In our teenage years or sometimes earlier, we start to understand that our parents or other authority figures may have flaws or that other influences may be affecting how they react to us. This observation applies not only to people who have been demeaned, but also to those who have been overly praised. Sometimes excessively admired people have the hardest time adjusting to reality. When you realize that some people may not be relating to you in a way that describes you, you are on the way to a realistic assessment of who you are and how you feel about yourself.
One of the great quests of life is forming a realistic appraisal of ourselves. As we grow, we come to understand that how other people react to us does not necessarily define us. Self awareness is self esteem. Part of understanding ourselves is recognizing our strengths and weaknesses. In life, using one’s strengths and working on decreasing one’s weaknesses can lead to self awareness and productivity.
To determine whether you have adequate self esteem, ask yourself questions such as:
Does your life reflect who you are? Are you happy with yourself and your relationships? Do you take care of yourself by eating well, relaxing, exercising?
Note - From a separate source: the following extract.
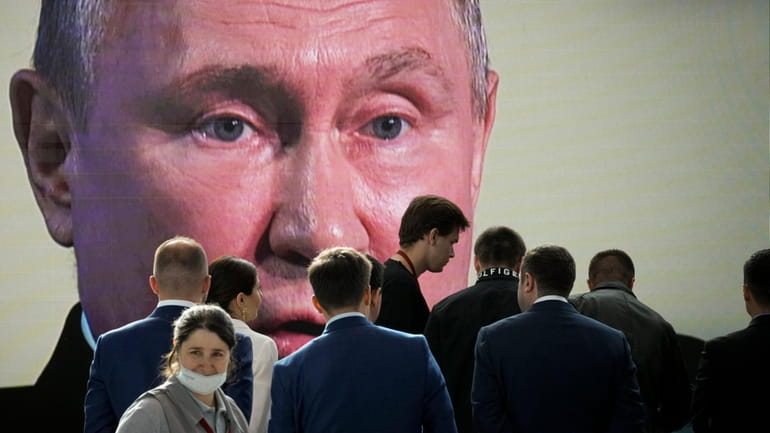 Participants watch Russian President Vladimir Putin's addressing a plenary session...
Do you believe you have overachieved or underachieved – or have other people told you that you have surpassed or not met certain expectations?
Do you apologize for yourself frequently?
Do you receive compliments graciously, or do you contradict the person complimenting you?
When you look in the mirror, do you see someone beautiful or handsome, or someone with loose skin or blemishes? Do you see something positive or negative?
Do you feel you have fulfilled or are fulfilling your potential in at least one area of your life, such as family relationships, career, or education?
If you feel peaceful and accept yourself as you are, you will know you are forming a healthy assessment of yourself. When your self esteem is shaken, you can do something about it. For example, if you feel unappreciated at work or at home, consider not absorbing the negativity into your self esteem. Be open to constructive criticism, but also tell yourself you did a good job when you did, even if others aren’t recognizing that. If you have done something wrong, explore the incident and find ways to improve your behavior. Even when you have been remiss, find something in yourself to appreciate and be proud of.
However you perceive your appearance, accept it and cherish it. Who you are is not skin deep, but resides underneath. Hold on to the good in yourself and rescue yourself from the internal and external voices that are putting you down. If you don’t abandon yourself, you will be able to take back an improved concept of yourself.
By Wendy Hoffman, LCSW-C, Jewish Community Services Therapy Services, Baltimore, MD
To learn more about how JCS can help you solve life’s puzzles please visit our home page or call 410-466-9200.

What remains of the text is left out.